Harold Brodkey talks Tennessee Williams—and other St. Louis writers—in his interview with The Paris Review—
INTERVIEWER
You grew up in St. Louis, which has a reputation for spawning writers—Eliot, Inge, Williams, Burroughs . . .
BRODKEY
People in St. Louis talked, oddly enough, like simpler Eliots, inhibited William Burroughses, and shy Tennessee Williamses. Williams and I had the same high school English teacher.
INTERVIEWER
Did she say Williams was a pretty good student?
BRODKEY
She said he was a horrible person. I found his name carved into the wooden desk where I sat. Tennessee Williams was the obverse of Eliot, and at the same time was like him. When I was at Harvard I’d get drunk and I’d recite Eliot and I’d sound like a character in Williams. I don’t think I honestly ever saw a Williams play, or reacted to one as a member of the audience because I identify so with the background out of which the work comes. All of the writers from St. Louis have a vaguely similar dependence on metaphor . . . Burroughs, Fred Seidel . . .

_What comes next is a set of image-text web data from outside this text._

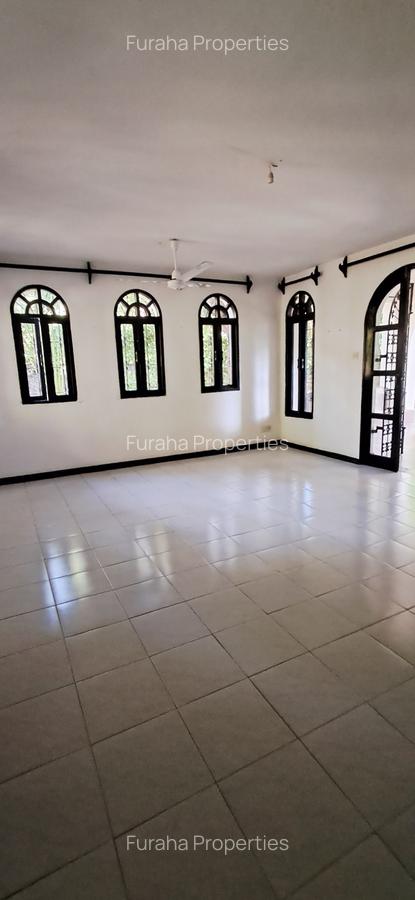 2 Bed Townhouse with En Suite at Nyali - 4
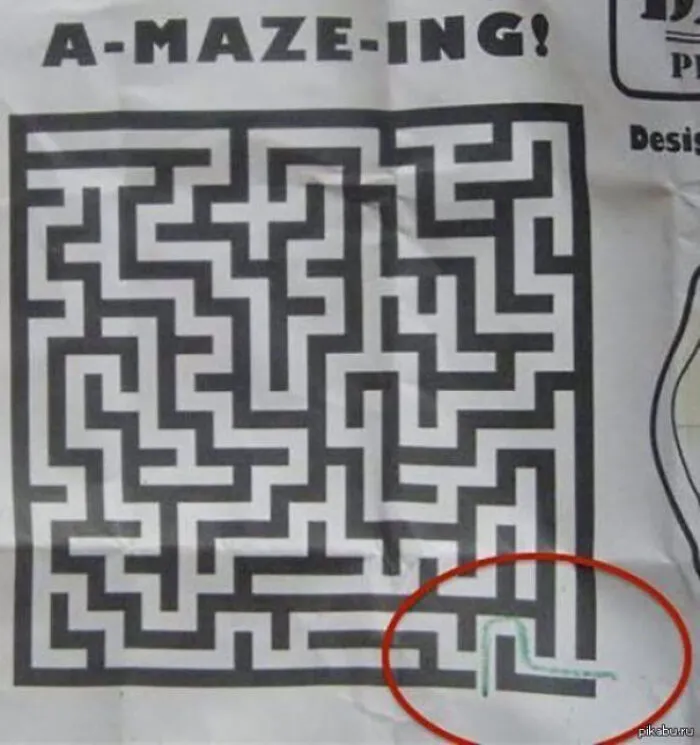 Bludisko na papieri s vyznačenou cestičkou, názov obrázku A-Maze-Ing!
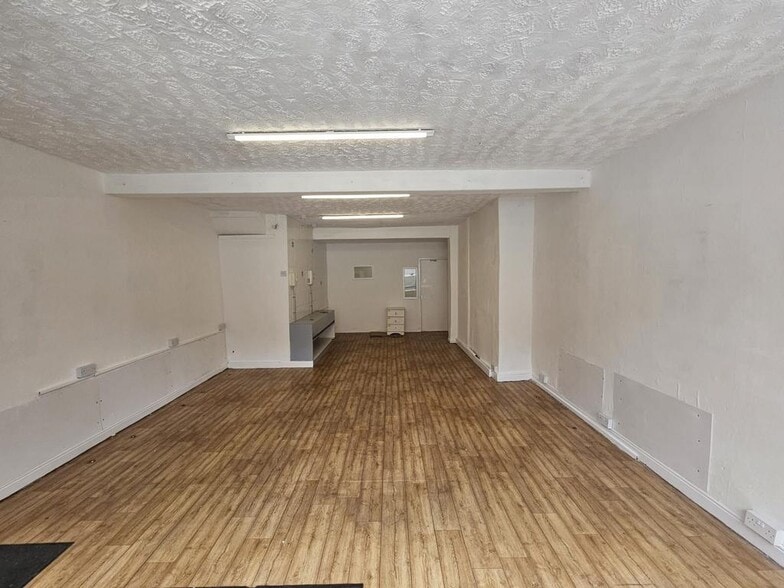 24 Stockport Rd, Stockport to rent - Building Photo - Image 3 of 10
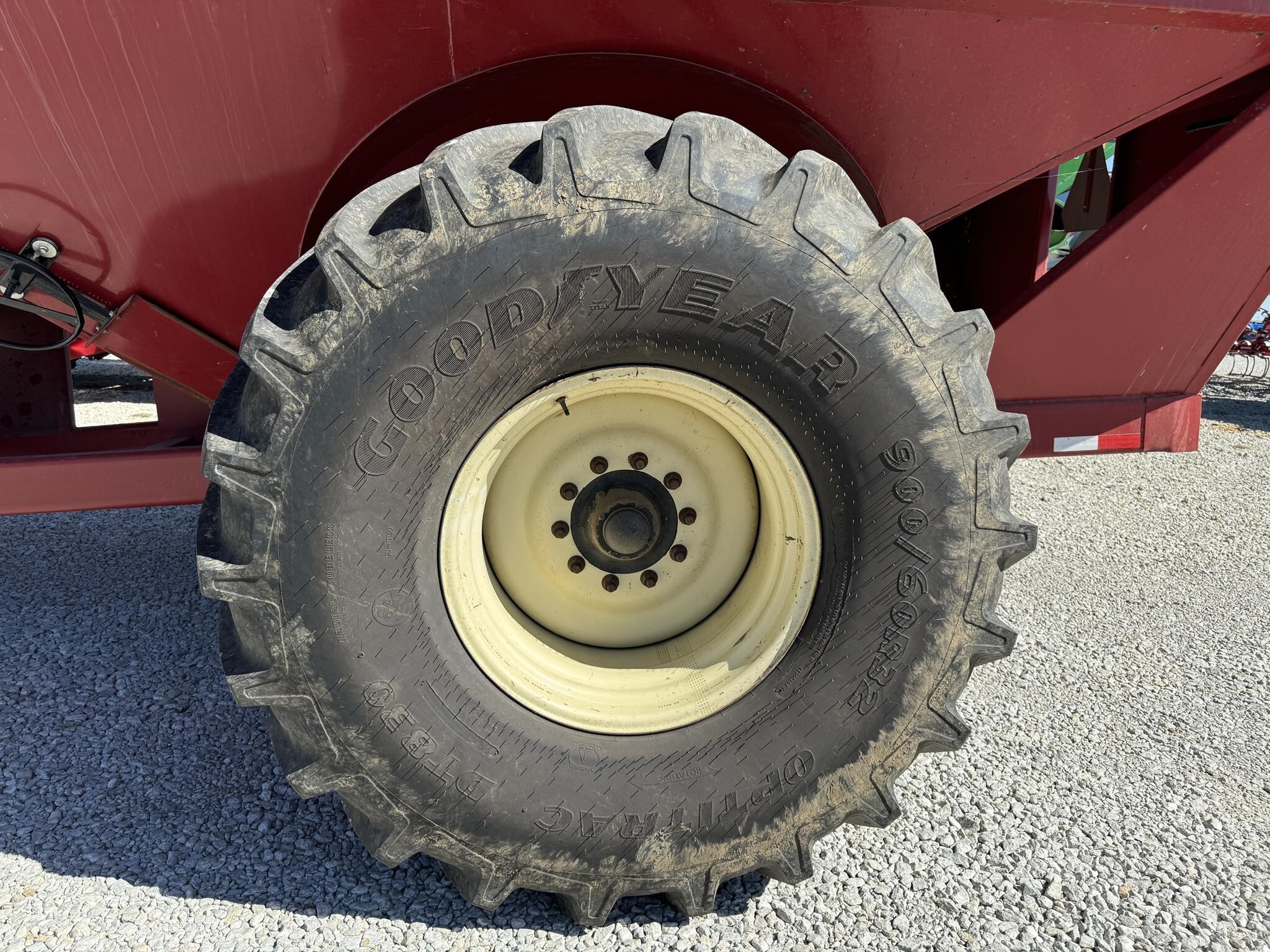 J&M 1000-20 Grain Cart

I do think, seriously but without much study, that the influence of Eliot, and the influence of Eliot’s becoming famous, did affect people like Williams and William Inge. I knew Inge in New York at the Actors’ Studio. Tennessee Williams and I used to swim at the West Side Y together but we never spoke to each other.
INTERVIEWER
Did you ever clap as he walked by, cheer for him?
BRODKEY
No. At bottom there’s a dishonesty in artists.